I was looking at some code a friend sent me, and he said: "It compiles, but doesn't work". I saw that he used the functions without the parentheses, something like this:
我正在查看一位朋友发给我的一些代码,他说:“它可以编译,但不能工作。”我看到他用的函数没有括号,像这样
void foo(){
cout<< "Hello world\n";
}
int main(){
foo; //function without parentheses
return 0;
}
The first I said was "use parentheses, you have to". And then I tested that code - it does compile, but when executed doesn't work (no "Hello world" shown).
我说的第一句话是“用圆括号,你必须这么做”。然后我测试了这段代码——它确实可以编译,但是当执行时就不能工作了(没有显示“Hello world”)。
So, why does it compile (no warning at all from the compiler GCC 4.7), but doesn't work?
那么,为什么它要编译(编译器GCC 4.7完全没有警告),但是却不能工作?
3 个解决方案
#1
12
It surely warns if you set the warning level high enough.
如果你把警戒线设置得足够高,它肯定会发出警告。
A function name evaluates to the address of the function, and is a legal expression. Usually it is saved in a function pointer,
函数名计算到函数的地址,是合法的表达式。通常它保存在函数指针中,
void (*fptr)() = foo;
but that is not required.
但这不是必需的。
#2
11
You need to increase the warning level that you use. foo;
is a valid expression statement (the name of a function converts to a pointer to the named function) but it has no effect.
您需要增加您使用的警告级别。foo;是一个有效的表达式语句(函数的名称转换为指向已命名函数的指针),但没有效果。
I usually use -std=c++98 -Wall -Wextra -pedantic
which gives:
我通常使用-std=c++98 -Wall -Wextra -pedantic
<stdin>: In function 'void foo()':
<stdin>:2: error: 'cout' was not declared in this scope
<stdin>: In function 'int main()':
<stdin>:6: warning: statement is a reference, not call, to function 'foo'
<stdin>:6: warning: statement has no effect
#3
3
foo;
You're not actually 'using' the function here. You're just using the address of it. In this case, you're taking it but not really using it.
你实际上并没有使用这个函数。你只是在用它的地址。在这种情况下,你拿了它,但没有用它。
Addresses of functions (i.e. their names, without any parenthesis) are useful when you want to pass that function as a callback to some other function.

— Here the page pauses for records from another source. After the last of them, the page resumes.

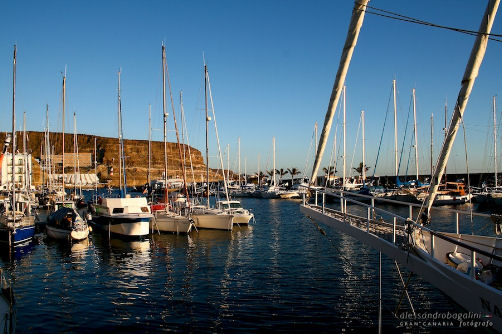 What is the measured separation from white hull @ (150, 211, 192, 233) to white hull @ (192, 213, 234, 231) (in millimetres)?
1719

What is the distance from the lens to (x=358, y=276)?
1966 centimetres

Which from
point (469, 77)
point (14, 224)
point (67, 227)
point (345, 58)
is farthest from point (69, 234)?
point (469, 77)

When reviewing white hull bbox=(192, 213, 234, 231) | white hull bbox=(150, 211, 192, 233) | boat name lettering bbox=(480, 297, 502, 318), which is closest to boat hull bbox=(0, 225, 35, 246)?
white hull bbox=(150, 211, 192, 233)

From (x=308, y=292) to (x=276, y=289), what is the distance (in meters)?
1.37

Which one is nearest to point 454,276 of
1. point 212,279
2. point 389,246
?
point 389,246

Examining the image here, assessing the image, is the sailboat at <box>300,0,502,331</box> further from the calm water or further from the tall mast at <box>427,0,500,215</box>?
the calm water

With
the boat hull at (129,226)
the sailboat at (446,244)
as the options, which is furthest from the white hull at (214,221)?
the sailboat at (446,244)

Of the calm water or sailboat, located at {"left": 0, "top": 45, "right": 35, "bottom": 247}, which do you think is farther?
sailboat, located at {"left": 0, "top": 45, "right": 35, "bottom": 247}

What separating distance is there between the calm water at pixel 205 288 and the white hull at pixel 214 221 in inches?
227

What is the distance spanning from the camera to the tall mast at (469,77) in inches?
393

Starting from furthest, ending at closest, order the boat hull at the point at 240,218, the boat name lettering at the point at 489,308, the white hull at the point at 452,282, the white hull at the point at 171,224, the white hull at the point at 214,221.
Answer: the boat hull at the point at 240,218, the white hull at the point at 214,221, the white hull at the point at 171,224, the white hull at the point at 452,282, the boat name lettering at the point at 489,308

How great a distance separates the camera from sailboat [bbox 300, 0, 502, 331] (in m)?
7.65

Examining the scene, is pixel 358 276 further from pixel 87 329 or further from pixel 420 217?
pixel 87 329

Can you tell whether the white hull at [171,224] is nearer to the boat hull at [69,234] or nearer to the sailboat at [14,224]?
the boat hull at [69,234] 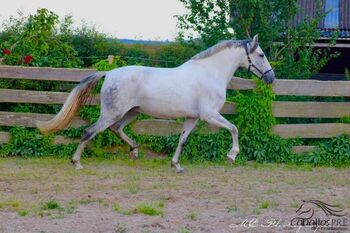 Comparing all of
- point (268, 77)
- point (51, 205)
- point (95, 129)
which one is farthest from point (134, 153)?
point (51, 205)

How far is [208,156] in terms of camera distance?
10.1m

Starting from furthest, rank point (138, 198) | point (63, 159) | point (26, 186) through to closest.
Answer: point (63, 159), point (26, 186), point (138, 198)

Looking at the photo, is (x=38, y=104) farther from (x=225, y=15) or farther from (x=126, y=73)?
(x=225, y=15)

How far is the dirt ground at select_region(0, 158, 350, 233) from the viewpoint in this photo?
5.68m

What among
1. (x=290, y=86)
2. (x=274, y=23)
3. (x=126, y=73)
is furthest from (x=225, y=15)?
(x=126, y=73)

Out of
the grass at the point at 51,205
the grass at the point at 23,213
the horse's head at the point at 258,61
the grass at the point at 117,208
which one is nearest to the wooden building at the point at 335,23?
the horse's head at the point at 258,61

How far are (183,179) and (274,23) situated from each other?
573 centimetres

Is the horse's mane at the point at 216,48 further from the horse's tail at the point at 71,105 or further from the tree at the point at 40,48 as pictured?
the tree at the point at 40,48

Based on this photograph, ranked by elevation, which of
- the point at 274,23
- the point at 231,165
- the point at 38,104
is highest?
the point at 274,23

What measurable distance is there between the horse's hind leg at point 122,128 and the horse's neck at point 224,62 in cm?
128

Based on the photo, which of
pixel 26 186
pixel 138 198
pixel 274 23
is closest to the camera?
pixel 138 198

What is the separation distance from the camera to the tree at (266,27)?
12.6 metres

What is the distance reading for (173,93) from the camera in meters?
9.27

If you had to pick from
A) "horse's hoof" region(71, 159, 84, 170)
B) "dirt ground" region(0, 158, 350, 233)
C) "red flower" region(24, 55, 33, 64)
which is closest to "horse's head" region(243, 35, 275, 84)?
"dirt ground" region(0, 158, 350, 233) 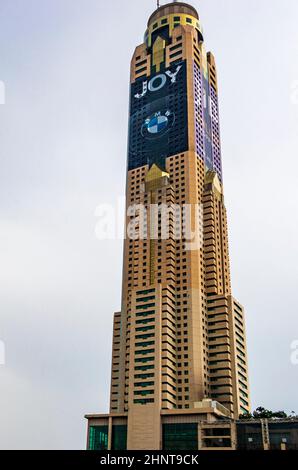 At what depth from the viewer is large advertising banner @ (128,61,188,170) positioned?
154 m

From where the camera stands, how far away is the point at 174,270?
456 ft

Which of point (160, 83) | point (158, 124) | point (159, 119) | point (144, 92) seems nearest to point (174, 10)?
point (160, 83)

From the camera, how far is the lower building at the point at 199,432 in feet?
344

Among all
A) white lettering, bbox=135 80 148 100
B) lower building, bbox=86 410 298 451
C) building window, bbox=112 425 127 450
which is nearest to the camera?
lower building, bbox=86 410 298 451

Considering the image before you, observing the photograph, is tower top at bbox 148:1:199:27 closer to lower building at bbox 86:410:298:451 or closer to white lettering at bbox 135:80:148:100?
white lettering at bbox 135:80:148:100

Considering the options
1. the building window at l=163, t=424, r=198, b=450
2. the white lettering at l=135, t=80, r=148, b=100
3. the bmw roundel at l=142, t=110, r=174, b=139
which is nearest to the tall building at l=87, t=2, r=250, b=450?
the building window at l=163, t=424, r=198, b=450

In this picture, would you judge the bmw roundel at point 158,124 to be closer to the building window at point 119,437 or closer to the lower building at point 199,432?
the lower building at point 199,432

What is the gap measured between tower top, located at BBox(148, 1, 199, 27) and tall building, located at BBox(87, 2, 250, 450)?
50cm

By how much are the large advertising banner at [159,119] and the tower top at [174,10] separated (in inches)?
865

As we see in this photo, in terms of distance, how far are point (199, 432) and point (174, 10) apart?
130 metres

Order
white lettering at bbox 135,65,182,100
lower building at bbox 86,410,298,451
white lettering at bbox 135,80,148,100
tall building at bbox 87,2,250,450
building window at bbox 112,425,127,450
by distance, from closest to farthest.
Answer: lower building at bbox 86,410,298,451
building window at bbox 112,425,127,450
tall building at bbox 87,2,250,450
white lettering at bbox 135,65,182,100
white lettering at bbox 135,80,148,100

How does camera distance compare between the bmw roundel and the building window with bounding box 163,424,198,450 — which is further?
the bmw roundel

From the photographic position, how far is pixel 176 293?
136750 mm

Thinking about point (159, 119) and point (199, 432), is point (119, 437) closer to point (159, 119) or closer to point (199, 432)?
point (199, 432)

当您希望将函数作为回调传递给其他函数时,函数的地址(即它们的名称,没有括号)是有用的。
#1
12
It surely warns if you set the warning level high enough.
如果你把警戒线设置得足够高,它肯定会发出警告。
A function name evaluates to the address of the function, and is a legal expression. Usually it is saved in a function pointer,
函数名计算到函数的地址,是合法的表达式。通常它保存在函数指针中,
void (*fptr)() = foo;
but that is not required.
但这不是必需的。
#2
11
You need to increase the warning level that you use. foo;
is a valid expression statement (the name of a function converts to a pointer to the named function) but it has no effect.
您需要增加您使用的警告级别。foo;是一个有效的表达式语句(函数的名称转换为指向已命名函数的指针),但没有效果。
I usually use -std=c++98 -Wall -Wextra -pedantic
which gives:
我通常使用-std=c++98 -Wall -Wextra -pedantic
<stdin>: In function 'void foo()':
<stdin>:2: error: 'cout' was not declared in this scope
<stdin>: In function 'int main()':
<stdin>:6: warning: statement is a reference, not call, to function 'foo'
<stdin>:6: warning: statement has no effect
#3
3
foo;
You're not actually 'using' the function here. You're just using the address of it. In this case, you're taking it but not really using it.
你实际上并没有使用这个函数。你只是在用它的地址。在这种情况下,你拿了它,但没有用它。
Addresses of functions (i.e. their names, without any parenthesis) are useful when you want to pass that function as a callback to some other function.
当您希望将函数作为回调传递给其他函数时,函数的地址(即它们的名称,没有括号)是有用的。